DOD agency keeps file swaps safe

  • Published
  • By C. Todd Lopez
  • Defense.gov

The Defense Information Systems Agency has taken over an online resource that allows Department of Defense personnel to swap files too large to be sent by email.

Now in the wheelhouse of DISA, the file transfer capability has been rebranded DoD SAFE, or secure access file exchange. The DoD SAFE capability is part of DISA's Defense Collaboration Services suite of applications.

The file transfer capability was initially established about 18 years ago by the Army Aviation and Missile Research, Development and Engineering Center, or AMRDEC. SAFE initially stood for "safe access file exchange." It allowed users to transfer files as large as 2 gigabytes to other users.

"We specifically kept the name SAFE because we wanted people to associate it with the AMRDEC product and this was the follow-on to AMRDEC SAFE," said Mark Youmans, DISA enterprise-wide services development division chief. He said taking on the responsibility for SAFE made sense in the context of what the service does.

File transfers were "never AMRDEC's core function," Youmans said, adding that such work is the core function for DISA Enterprise Services. "So, the DOD chief information officer directed DISA to deploy SAFE earlier this calendar year."

Other changes to SAFE include an increase in the allowable file size to 8 gigabytes, the ability for users to continue to access files on the SAFE site for up to seven days, the ability to download a file multiple times and the ability to transfer up to 25 files at a time.

Additionally, security on the system has been enhanced. Now, files are encrypted "at rest" on the system, Youmans said. He explained this means users can transfer files with personally identifiable information or personal health information, and that the files are encrypted from sender to receiver.

"As the file sits out there on SAFE, it is not accessible to anybody, including system administrators," Youmans said.

Another security aspect of DoD SAFE is that it now requires that a common access card holder be involved.

"A DoD employee has to be in the loop," said Karl Kurz, chief engineer for the enterprise-wide services development division.

Kurz said this means that a Common Access Card holder has to be the person who transfers the file, or, if a file transfer is going to go from a non-CAC holder to a CAC holder, the CAC holder has to request the transfer. The non-CAC holder will then get instructions on how to proceed.

"This service requires what we refer to as 'CAC in the middle,'" Kurz said.

According to a DISA message released in July, DoD SAFE is not intended to allow for transfer of files to classified domains.

From the user's perspective, said Youmans, the experience of using DoD SAFE will continue to be largely the same as when the system was operated by AMRDEC.

Kurz said that while the two systems will operate the same, they are completely different on the back end. He said DISA learned that Army Research Laboratory was using open-source software to perform a similar file-transfer function as what was needed for DoD SAFE. DISA partnered with ARL to reuse that software in a different capacity.

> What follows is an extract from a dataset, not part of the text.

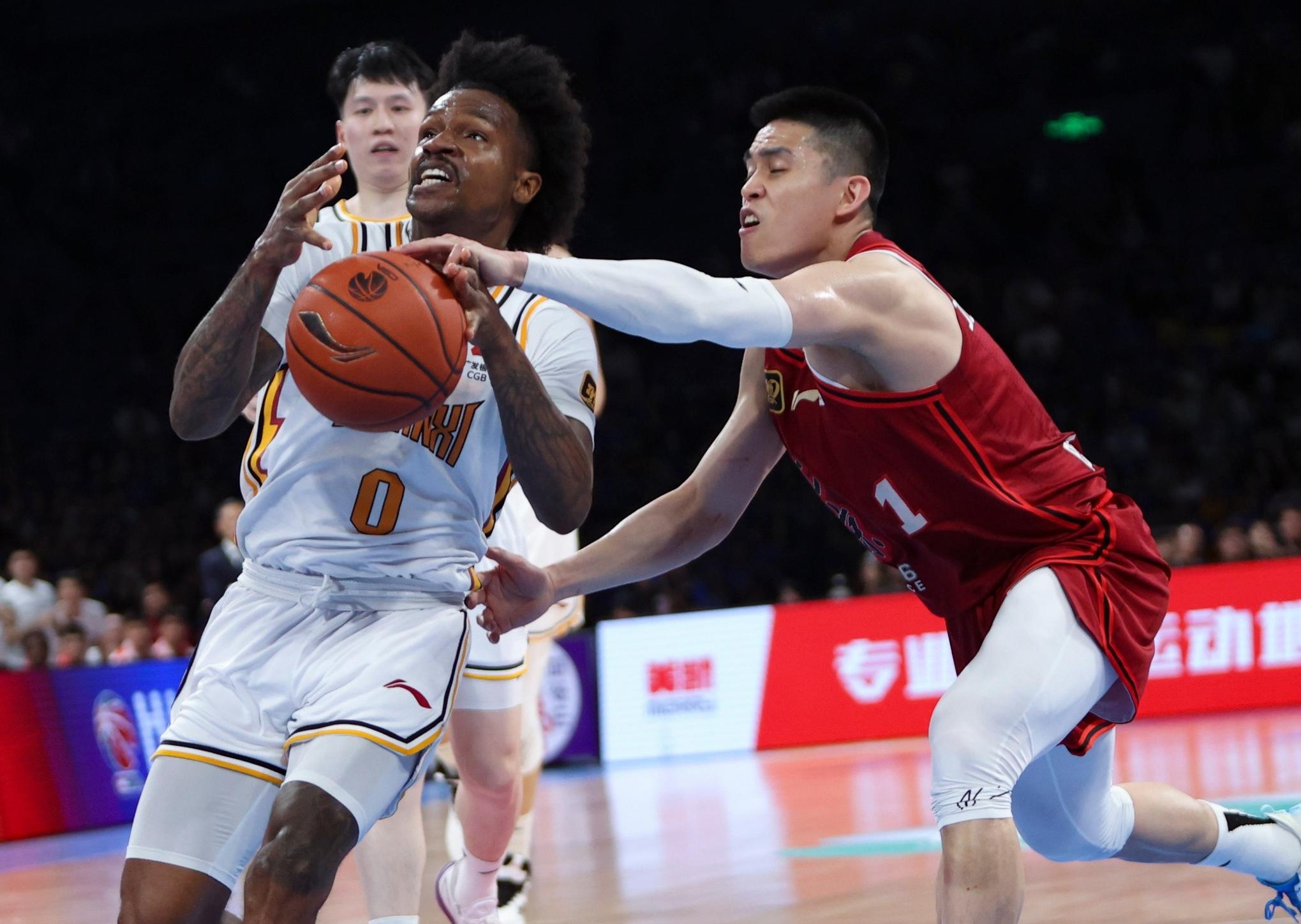 窗口期北京国安调整名单以备NBA总决赛；回应争议环节打磨；球迷炸锅；身体对抗强度拉满的简单介绍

Changes to that software included making it compliant to operate in the DISA environment, enabling it to securely transfer information and to scale it to the number of users expected on DoD SAFE.

According to Kurz, when the SAFE capability rested with AMRDEC, more than 11,000 "packages" were transferred each day — around 4.1 million a year. Additionally, some 600,000 unique users made use of the system in fiscal year 2018.